La teologia dei carismi, «che non può essere relegata al passato della Chiesa delle origini, giustamente declina nella Chiesa e per la Chiesa di tutti i tempi la perennità e attualità dei doni pentecostali che lo Spirito del Padre e del Figlio concede per il bene comune»[271]. La posizione di Rahner, che inquadra le apparizioni nel quadro del carisma specificamente profetico, lo porta necessariamente a concludere che ad esse vada tributato «un diritto e un dovere di fede (fides divina)», non solo da parte dei veggenti ma anche da quanti siano raggiunti dalla notizia:
«se Dio ha parlato e la cosa è certa, mi è cioè dimostrata con sufficiente chiarezza, allora sorge senz’altro per me il dovere di ascoltare, di obbedire e di credere, per quel tanto che il contenuto di ciò che è stato udito riguarda anche me […] Il senso vero delle profezie è quello di essere un imperativo che ci prescrive l’atteggiamento giusto nei confronti di quel futuro che rimane oscuro, minaccioso e in generale – almeno dal punto di vista mondano – destinato alla morte, un futuro tuttavia salvifico, per colui che crede e ama»[272].
Se però si inquadra il carisma nell’orizzonte più ampio di una vocazione al “servizio” ecclesiogenetico, si è probabilmente in grado di accogliere ed apprezzare ancora meglio il valore della riconoscenza cui tutti sono tenuti secondo il Catechismo, superando quella che sembra essere una inevitabile aporia cui giungere qualora si rimanga in un quadro più specificamente profetico: è intrinseca alla profezia, infatti, l’esigenza dell’obbedienza. È la molteplice riconoscenza che si prova davanti al dono della Chiesa: è perché esiste la Chiesa che posso essere credente; è perché esiste la Chiesa che posso conoscere il Cristo e il suo Vangelo; è perché esiste la Chiesa che posso celebrare nella speranza la fede che opera nella carità; è perché esiste la Chiesa che posso affermare l’irrevocabilità dell’alleanza divina con l’umanità[273].

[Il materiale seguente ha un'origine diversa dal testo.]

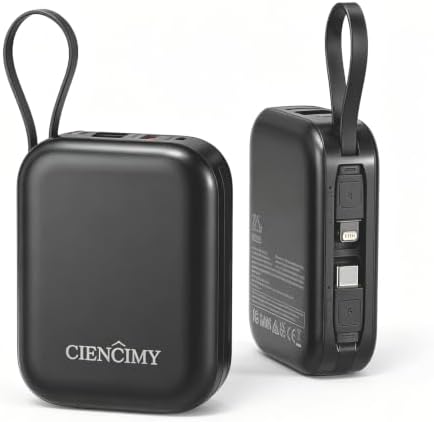 BANCO DE ENERGÍA DE 10000 MAH CON LIGHTNING Y USB C INTEGRADOS, CARGA RÁPIDA DE 22.5 W, PANTALLA DIGITAL LED, CARGADOR - 6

Tutto questo non fa che riproporre con ancora maggiore urgenza l’esigenza di una criteriologia teologica adeguata soprattutto oggi, in cui fenomeni quali apparizioni (della Vergine o dei santi) o messaggi a loro ascritti, così come altri eventi simili (movimenti di statue, lacrimazioni di sangue,) sembrano essere molto frequenti e aperti a continue deformazioni, anche tenendo conto dell’influenza organica e invasiva dei media (i cui interessi non possono certo essere definiti come cristiani) e di una sempre maggiore frattura tra i pronunciamenti della gerarchia e l’esperienza religiosa dei singoli come dei gruppi. Forse proprio l’aver finalmente ritrovato la metodologia che permise all’apparizione de La Salette di iniziare il suo cammino nella comunità cristiana può essere la porta che apre un futuro di equilibrio, di rinnovamento, di santità.